Colombo-based The Hindu correspondent, Meera Srinivasan, in a story dated Dec 26, 2021, headlined ‘Chinese Ambassador’s visit to Jaffna sparks concern, commentary in Sri Lanka’, described the visit as an intensification of geopolitical contest between India and China. Qi Zhenhong underscored China’s right to engage people in any part of Sri Lanka. Responding to media at the Emperor’s Suite, Qi Zhenhong pointed out: “Jaffna is in the northern part of Sri Lanka, not south of any other country.”

 Ambassador Qi visited the Jaffna public library and the Adam’s Bridge, a row of limestone shoals across the narrow Palk Strait between Mannar and Rameswaram in Tamil Nadu.

The Ambassador visited a seafood factory in Mannar district, built with Chinese investment, and a sea cucumber farm in Jaffna.

The Chinese entry into Sri Lanka and the gradual expansion of its role here should be examined against the backdrop of Indian-funded terrorism project that destabilised the entire country. The Sri Lanka Army couldn’t have withstood the terrorist firepower if not for military assistance provided by China, Pakistan, Russia and Israel during the early stages of the conflict. Having paid a heavy price for destabilising its smaller neighbour, India allowed the annihilation of separatist Tamil conventional military capability in 2009. The eradication of terrorism has paved the way for geopolitical contest between the two Asian nuclear powers here. Both China and India seemed confident in pursuing their agendas as the cash-strapped SLPP government struggled on multiple fronts. The deterioration of Sri Lanka’s economy as a result of the Covid-19 pandemic delivering a devastating blow to its once vibrant tourism industry and expatriate worker remittances, (both raked in huge amounts of foreign exchange), as well as waste, corruption and mismanagement at every level appeared to have facilitated anti-Sri Lanka foreign projects much to the dismay of the vast majority of people. Sri Lanka seems to be at the mercy of foreign powers.

Superpower politics

 Chinese and Indian investments as well as relations with political parties here cannot be discussed leaving out the ongoing battle between China and the US-led grouping. India is part of the latter. South Korea is also in that group though it has so far refrained from joining the four-nation ‘Quad’ comprising the US, India, Japan and Australia. Post-war Sri Lanka is in a dicey situation. In spite of overcoming terrorism 12 years ago, Sri Lanka is under tremendous pressure from both parties as each seeks investment opportunities advantageous to them.

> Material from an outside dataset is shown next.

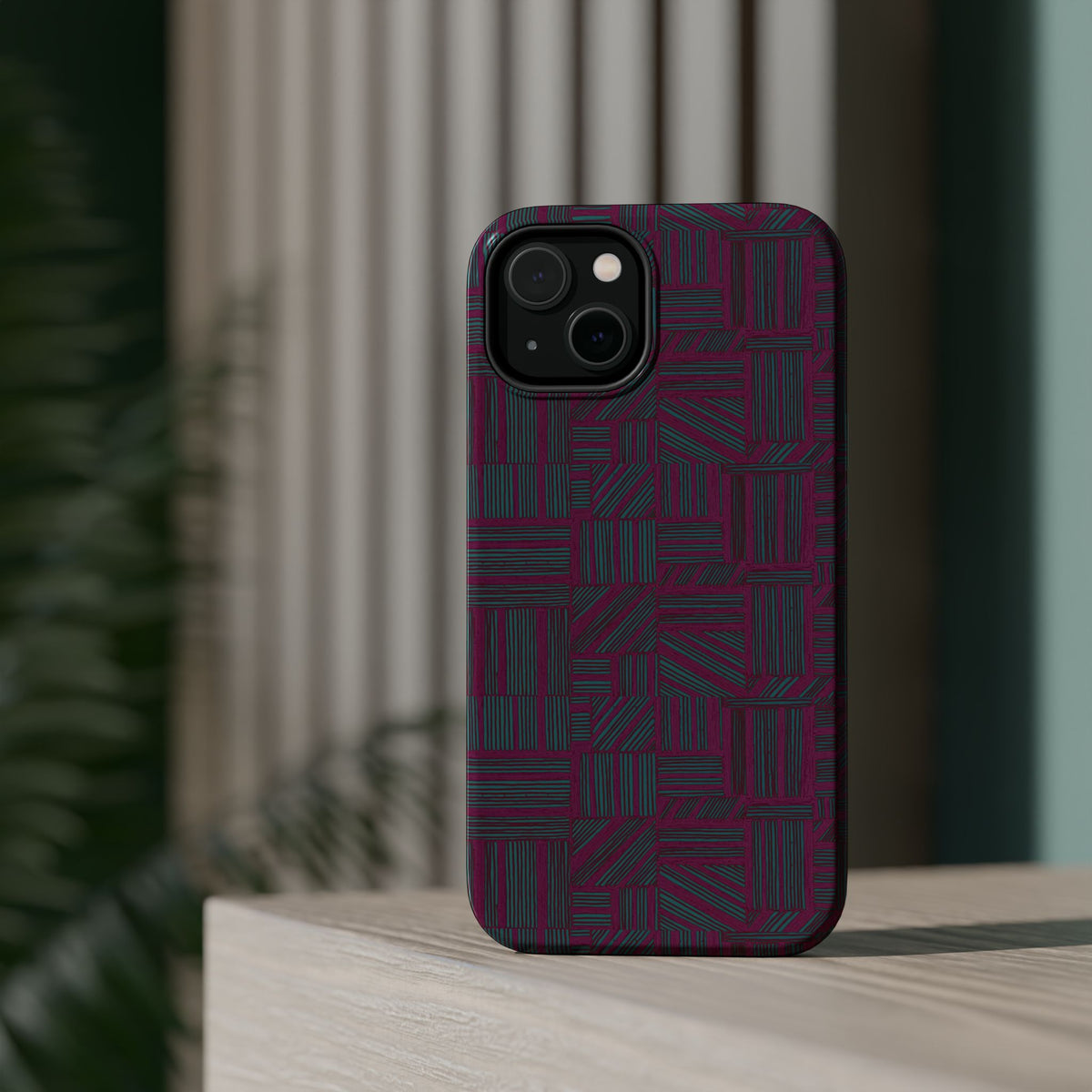 Slim Protective Phone Case With MagSafe, Dual-Layer Impact Protection, Plum Geometric Design, rear view with vertically arranged camera lenses; slim protective iphone 16 promax  case.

 Recently, Fisheries Minister Douglas Devananda expressed concerns over China and India seeking to invest in the Point Pedro fisheries harbour. Devananda, the leader of the Eelam People’s Democratic Party (EPDP), one of the smaller terrorist groups, that took to the democratic path long before the LTTE terror mechanism was annihilated and primarily active in the Northern region vowed not to allow China to exploit the Northern population. Obviously Devananda is playing politics. The Fisheries Minister cannot take a view contrary to that of the Rajapaksas.

Pathfinder, an organisation founded by Sri Lanka’s High Commissioner in New Delhi, Milinda Moragoda, in its latest report titled ‘Sri Lanka has no room to maneuver’ carried in the January 10 edition of The Island warns of a catastrophe unless the government adopts remedial measures, immediately. While appreciating the arrangement Sri Lanka has reached with India to meet immediate challenges, Pathfinder recommended (i) restructuring of external debt (ii) an arrangement with the International Monetary Fund (iii) mobilisation of ‘bridging finance’ to meet the external financing gap up to June 2022.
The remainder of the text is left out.